The data:

--- START ---

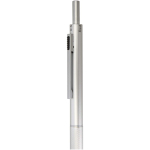 Stylo 4-en-1 en inox avec porte-mine et plusieurs encres couleur argenté vue détail 1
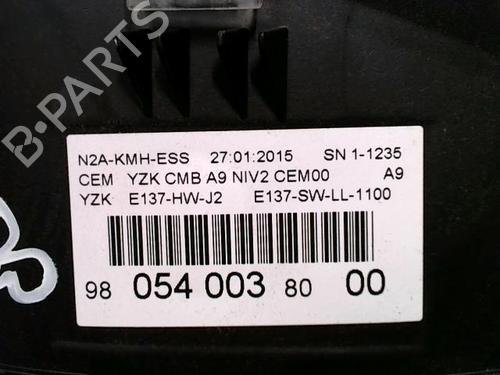 Used Instrument cluster PEUGEOT 208 I (CA_, CC_) 1.2 VTI 82 (82 hp) 22091099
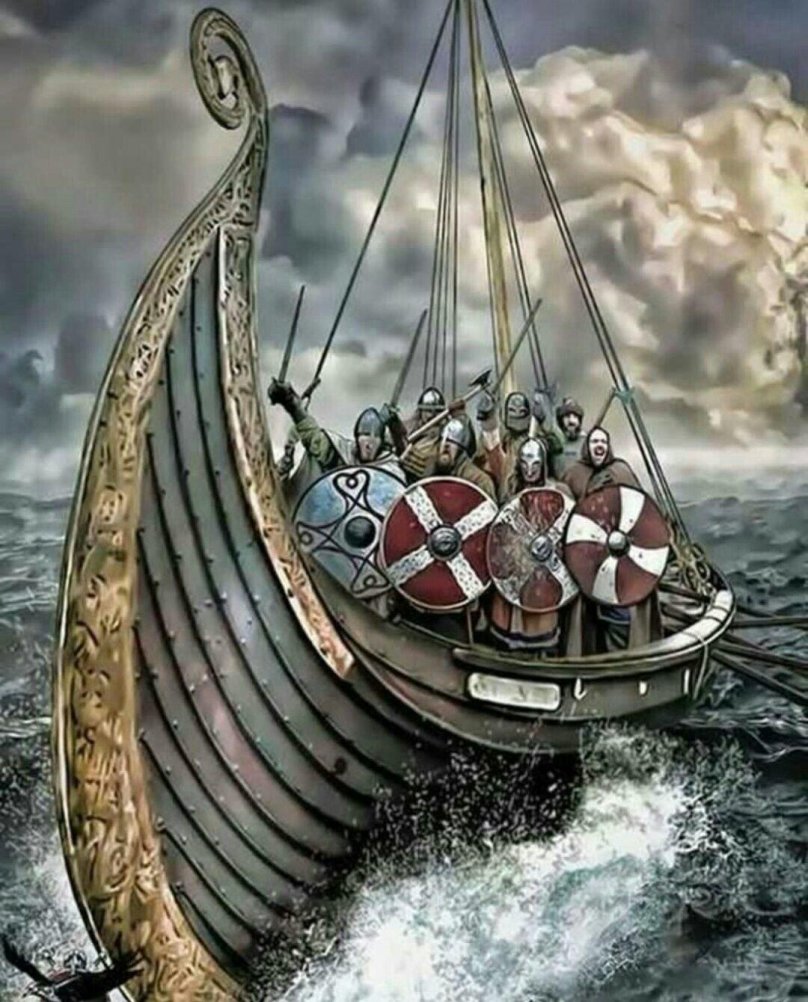 Дракар норманнов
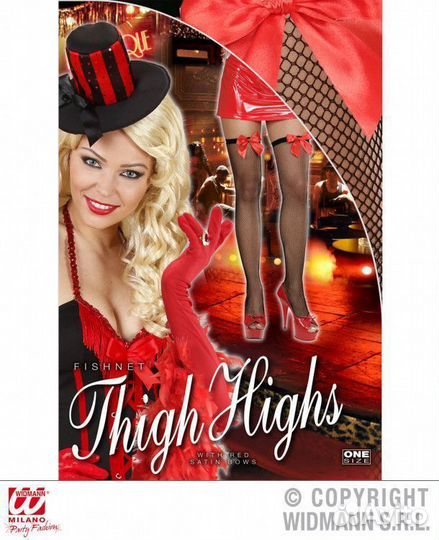 Чулки сеточка черные с бантиками, полиэстер, без р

--- END ---

What to produce: Exactly repeat every line from the line that includes "Дракар норманнов" to the end of the listing, and nothing else, leaving pictures out.

Written answer:
 Дракар норманнов
 Чулки сеточка черные с бантиками, полиэстер, без р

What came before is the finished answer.